Sunday, February 22, 2009


Just yesterday a local artist phoned me (note that she did not email me) to bemoan the unfairness of being forced to acquire an email address, perhaps a computer, and at the very least, some knowledge of the digital world.

Now, I adore working on the computer, for its speed, possibilities, and creative purpose, but I certainly don't expect everyone else to feel the same way. It is, after all a tool, and not a necessity. Or is it? Ads on TV constantly direct the viewer to theirstore-dot-com. You can't even read all of the articles at the New York Times or in Entertainment Weekly magazine (the two paper periodicals I subscribe to) without going online. There are many art shows today that require a digital image, sometimes to be emailed in, or on a disk.

But this artist friend, who is not of the computer age, but more accurately "is of a certain age," doesn't want to be the dog learning new tricks. Yet if she wants to receive newsletters, participate in group activities, be informed, and even apply to art shows, she must get with it.

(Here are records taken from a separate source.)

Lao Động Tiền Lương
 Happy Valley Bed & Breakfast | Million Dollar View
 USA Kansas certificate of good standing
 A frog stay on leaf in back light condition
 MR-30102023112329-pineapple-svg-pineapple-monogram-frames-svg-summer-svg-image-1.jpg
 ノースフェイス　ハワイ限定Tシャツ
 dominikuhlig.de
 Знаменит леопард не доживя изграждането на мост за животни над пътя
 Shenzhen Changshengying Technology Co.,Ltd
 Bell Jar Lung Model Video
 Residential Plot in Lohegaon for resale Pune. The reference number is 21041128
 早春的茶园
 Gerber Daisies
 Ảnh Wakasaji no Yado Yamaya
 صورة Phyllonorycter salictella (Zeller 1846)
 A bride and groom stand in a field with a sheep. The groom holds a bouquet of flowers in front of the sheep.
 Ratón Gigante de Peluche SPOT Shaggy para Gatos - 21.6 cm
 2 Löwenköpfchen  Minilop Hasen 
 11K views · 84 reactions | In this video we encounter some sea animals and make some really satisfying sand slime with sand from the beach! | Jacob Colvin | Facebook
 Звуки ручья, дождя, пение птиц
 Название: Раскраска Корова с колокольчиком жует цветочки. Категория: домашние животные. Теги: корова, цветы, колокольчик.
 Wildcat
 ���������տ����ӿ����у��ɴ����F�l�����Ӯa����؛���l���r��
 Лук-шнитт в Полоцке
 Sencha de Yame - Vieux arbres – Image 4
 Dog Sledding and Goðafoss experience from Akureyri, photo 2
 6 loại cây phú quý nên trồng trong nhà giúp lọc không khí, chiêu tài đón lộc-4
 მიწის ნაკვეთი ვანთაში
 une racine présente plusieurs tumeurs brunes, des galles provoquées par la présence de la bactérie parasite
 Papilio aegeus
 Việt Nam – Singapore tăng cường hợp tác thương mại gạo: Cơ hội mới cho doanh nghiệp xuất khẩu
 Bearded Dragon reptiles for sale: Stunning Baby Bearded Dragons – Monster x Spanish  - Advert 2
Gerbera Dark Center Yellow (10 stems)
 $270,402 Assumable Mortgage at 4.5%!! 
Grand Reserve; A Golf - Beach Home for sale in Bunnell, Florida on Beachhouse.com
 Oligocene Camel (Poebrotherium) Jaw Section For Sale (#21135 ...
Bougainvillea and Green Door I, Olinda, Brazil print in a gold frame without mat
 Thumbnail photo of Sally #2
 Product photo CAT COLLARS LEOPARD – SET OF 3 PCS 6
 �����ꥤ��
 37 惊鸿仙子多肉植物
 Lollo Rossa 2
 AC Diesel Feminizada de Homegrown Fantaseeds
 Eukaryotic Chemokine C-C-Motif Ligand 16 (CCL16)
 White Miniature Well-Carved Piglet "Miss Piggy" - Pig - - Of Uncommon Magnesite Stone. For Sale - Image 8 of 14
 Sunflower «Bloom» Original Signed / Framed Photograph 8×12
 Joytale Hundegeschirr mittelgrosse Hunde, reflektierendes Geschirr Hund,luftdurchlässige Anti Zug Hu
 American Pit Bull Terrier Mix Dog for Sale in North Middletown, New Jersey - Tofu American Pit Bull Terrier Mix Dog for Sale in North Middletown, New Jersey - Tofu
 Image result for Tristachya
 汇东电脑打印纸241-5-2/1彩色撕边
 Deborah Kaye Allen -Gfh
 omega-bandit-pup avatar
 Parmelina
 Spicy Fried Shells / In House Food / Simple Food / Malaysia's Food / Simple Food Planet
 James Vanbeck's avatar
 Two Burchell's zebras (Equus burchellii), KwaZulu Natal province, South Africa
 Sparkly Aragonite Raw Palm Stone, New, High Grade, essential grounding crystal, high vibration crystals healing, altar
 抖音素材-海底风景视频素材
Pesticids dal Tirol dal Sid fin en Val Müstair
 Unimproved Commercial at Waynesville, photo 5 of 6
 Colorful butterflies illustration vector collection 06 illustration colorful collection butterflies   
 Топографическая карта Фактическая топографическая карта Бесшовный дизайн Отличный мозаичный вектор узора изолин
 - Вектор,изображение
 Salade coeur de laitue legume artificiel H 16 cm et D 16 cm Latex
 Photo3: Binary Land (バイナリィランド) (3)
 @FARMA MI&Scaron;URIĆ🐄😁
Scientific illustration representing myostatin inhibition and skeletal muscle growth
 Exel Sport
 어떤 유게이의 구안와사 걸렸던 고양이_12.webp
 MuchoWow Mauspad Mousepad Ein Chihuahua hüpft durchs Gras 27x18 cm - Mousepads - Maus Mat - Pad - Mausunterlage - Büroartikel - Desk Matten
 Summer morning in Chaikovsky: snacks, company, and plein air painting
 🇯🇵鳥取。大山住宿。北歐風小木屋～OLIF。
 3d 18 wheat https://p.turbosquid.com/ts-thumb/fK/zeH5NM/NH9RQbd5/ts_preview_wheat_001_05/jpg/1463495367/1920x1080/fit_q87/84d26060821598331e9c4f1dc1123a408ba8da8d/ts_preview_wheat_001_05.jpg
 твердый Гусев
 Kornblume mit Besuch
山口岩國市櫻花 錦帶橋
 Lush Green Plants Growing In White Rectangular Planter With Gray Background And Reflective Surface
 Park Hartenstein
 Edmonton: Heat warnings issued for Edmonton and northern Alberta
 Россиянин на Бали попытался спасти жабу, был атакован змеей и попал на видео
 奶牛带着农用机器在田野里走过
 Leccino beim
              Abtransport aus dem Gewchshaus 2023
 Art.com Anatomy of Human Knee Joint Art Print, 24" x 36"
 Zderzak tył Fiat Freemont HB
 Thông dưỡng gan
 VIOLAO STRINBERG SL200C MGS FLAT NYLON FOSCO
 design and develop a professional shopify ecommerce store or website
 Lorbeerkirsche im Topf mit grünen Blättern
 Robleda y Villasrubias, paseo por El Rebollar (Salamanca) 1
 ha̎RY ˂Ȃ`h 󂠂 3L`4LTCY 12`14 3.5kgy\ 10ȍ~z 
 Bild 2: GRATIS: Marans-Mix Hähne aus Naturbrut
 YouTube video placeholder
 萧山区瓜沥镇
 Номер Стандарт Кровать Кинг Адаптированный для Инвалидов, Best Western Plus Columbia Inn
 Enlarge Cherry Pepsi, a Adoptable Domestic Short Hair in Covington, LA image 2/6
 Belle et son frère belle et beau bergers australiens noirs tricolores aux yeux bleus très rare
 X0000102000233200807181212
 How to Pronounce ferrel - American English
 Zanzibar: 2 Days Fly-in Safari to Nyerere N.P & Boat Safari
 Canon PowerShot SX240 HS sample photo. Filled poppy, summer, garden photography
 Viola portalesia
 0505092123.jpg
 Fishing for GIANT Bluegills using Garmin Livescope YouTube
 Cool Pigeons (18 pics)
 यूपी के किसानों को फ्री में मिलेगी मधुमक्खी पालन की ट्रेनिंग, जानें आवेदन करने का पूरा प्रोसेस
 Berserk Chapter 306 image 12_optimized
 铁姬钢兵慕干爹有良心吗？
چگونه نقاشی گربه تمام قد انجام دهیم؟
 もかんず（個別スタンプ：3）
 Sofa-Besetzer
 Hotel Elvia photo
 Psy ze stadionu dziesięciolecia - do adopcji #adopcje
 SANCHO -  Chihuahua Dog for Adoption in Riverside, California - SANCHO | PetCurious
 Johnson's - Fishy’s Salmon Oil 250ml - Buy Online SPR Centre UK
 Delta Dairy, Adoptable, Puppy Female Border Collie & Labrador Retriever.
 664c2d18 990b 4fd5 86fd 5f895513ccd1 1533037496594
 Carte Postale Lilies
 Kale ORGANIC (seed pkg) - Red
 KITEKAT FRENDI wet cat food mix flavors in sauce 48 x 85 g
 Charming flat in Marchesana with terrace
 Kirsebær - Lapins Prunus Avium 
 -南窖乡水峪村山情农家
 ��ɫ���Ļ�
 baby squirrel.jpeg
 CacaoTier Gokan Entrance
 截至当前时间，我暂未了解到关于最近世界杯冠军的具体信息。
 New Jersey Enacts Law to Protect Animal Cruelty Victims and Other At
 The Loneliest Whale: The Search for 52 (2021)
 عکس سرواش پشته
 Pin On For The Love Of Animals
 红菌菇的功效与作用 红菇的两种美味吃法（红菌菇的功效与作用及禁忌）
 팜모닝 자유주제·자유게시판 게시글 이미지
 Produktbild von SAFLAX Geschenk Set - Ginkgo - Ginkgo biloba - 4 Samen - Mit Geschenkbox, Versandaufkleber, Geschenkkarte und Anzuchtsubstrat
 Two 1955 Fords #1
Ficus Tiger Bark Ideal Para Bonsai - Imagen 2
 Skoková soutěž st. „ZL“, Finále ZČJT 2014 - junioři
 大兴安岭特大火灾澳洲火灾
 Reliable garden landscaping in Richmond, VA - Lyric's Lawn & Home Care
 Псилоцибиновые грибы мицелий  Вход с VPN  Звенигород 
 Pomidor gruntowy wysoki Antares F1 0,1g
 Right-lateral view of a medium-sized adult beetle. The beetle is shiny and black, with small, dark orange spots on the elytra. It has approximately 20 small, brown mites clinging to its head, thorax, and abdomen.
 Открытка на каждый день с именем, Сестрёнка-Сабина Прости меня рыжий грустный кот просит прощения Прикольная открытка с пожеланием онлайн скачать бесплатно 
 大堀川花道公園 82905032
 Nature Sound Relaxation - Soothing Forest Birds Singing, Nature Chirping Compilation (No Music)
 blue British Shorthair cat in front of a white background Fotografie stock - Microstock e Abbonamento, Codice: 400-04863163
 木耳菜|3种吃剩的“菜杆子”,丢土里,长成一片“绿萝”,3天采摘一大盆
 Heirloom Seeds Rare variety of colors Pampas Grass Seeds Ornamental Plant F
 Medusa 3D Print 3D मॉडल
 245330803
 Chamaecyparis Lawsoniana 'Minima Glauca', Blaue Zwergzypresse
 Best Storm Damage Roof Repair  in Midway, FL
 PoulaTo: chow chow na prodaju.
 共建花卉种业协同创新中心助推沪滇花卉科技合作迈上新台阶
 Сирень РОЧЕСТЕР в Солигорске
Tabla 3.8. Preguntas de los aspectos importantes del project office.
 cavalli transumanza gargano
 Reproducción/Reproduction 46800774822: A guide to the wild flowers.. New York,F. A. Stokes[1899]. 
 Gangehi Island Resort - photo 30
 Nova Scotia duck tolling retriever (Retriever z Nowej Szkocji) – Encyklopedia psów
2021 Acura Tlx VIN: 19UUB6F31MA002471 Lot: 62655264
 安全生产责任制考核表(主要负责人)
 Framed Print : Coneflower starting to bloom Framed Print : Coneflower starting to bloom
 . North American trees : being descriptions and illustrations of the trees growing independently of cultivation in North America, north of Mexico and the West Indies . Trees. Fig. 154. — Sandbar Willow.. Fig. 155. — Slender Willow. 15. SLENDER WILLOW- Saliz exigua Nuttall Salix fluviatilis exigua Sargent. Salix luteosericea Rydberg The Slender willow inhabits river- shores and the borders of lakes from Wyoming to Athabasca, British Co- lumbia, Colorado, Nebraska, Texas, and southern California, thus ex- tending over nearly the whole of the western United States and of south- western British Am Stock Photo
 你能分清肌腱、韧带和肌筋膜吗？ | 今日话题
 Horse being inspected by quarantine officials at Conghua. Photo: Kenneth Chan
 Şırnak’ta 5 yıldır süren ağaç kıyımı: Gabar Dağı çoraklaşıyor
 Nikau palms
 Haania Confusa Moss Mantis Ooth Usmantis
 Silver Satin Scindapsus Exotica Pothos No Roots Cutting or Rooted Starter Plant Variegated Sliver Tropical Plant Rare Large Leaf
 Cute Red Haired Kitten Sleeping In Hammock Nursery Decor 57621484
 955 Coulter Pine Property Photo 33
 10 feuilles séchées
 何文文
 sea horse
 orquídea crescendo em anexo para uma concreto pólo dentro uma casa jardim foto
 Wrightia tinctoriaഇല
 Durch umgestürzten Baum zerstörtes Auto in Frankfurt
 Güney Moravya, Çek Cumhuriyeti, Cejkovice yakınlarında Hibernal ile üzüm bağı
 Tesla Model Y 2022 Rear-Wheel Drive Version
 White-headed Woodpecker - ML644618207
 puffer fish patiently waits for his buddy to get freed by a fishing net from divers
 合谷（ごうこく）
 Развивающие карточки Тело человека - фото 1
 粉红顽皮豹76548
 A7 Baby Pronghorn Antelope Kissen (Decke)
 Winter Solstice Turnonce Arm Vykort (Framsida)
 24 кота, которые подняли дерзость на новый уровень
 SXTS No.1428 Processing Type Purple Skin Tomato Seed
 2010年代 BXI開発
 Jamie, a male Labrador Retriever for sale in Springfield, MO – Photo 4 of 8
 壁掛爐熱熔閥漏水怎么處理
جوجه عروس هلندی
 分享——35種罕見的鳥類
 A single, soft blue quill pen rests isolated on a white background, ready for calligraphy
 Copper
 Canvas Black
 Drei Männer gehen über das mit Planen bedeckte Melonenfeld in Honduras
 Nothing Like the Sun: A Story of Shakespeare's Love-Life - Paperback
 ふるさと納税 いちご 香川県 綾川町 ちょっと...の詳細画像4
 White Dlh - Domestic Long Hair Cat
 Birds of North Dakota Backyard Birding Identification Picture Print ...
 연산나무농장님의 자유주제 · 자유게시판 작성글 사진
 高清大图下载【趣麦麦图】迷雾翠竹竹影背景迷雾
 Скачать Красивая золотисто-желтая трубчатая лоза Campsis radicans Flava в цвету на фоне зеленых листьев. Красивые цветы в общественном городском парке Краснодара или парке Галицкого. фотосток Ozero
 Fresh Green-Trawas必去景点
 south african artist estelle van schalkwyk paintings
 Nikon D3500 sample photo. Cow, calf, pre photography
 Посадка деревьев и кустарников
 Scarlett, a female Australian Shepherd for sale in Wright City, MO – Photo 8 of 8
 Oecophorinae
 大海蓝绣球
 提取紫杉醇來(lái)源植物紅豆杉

Yet isn't she of a minority whose needs should be addressed, and even catered to, much as we do those with physical or mental handicaps? Shouldn't she force the art group to send her a real paper newsletter? Isn't that her right as part of the club, or even as a citizen of the world?

Part of my job is to help those people who can't figure out computers, so I've volunteered to go with this artist to the library, to help her set up a simple, free email, and to guide her through her tentative new steps into the cyber world. I hope, for her own sake, she doesn't get sucked in.

Thursday, February 5, 2009


I finally took a few minutes and sent in my information to obtain a listing at the Maine Arts Commission. It's free and I'd bet all states have a similar type of directory. When I initially looked at some of the entries I noticed most didn't have any photo to go with them, which seemed to be a total waste of free PR space.

Link here to my Maine Arts listing

So the lesson of the day is take advantage of free listing wherever you can!

The image you see is for my picture disk of stock art for businesses. I did the paintings in gouache and used an overlay of acetate, inked it, and scratched off some ink line to create a woodcut look. Visit my web site and see more samples under Illustration- Stock Art.

Monday, February 2, 2009

Combine Pictures into One

Knowing some photo editing can come in handy when you are only allowed to send in one image to a site, or don't want to pay for extra images when creating an eBay auction, for instance. In this picture you'll see a variety of poses and close-ups of a vintage action figure I was selling on eBay. It's pretty fancy editing for an auction, but by composing two or more pictures in one jpeg, you're saving space and possibly money.
I use photoshop but these days most digital cameras come with an editing program that will allow you to combine several images into one final picture. If using Photoshop remember to flatten layers and save as a jpeg to reduce the size!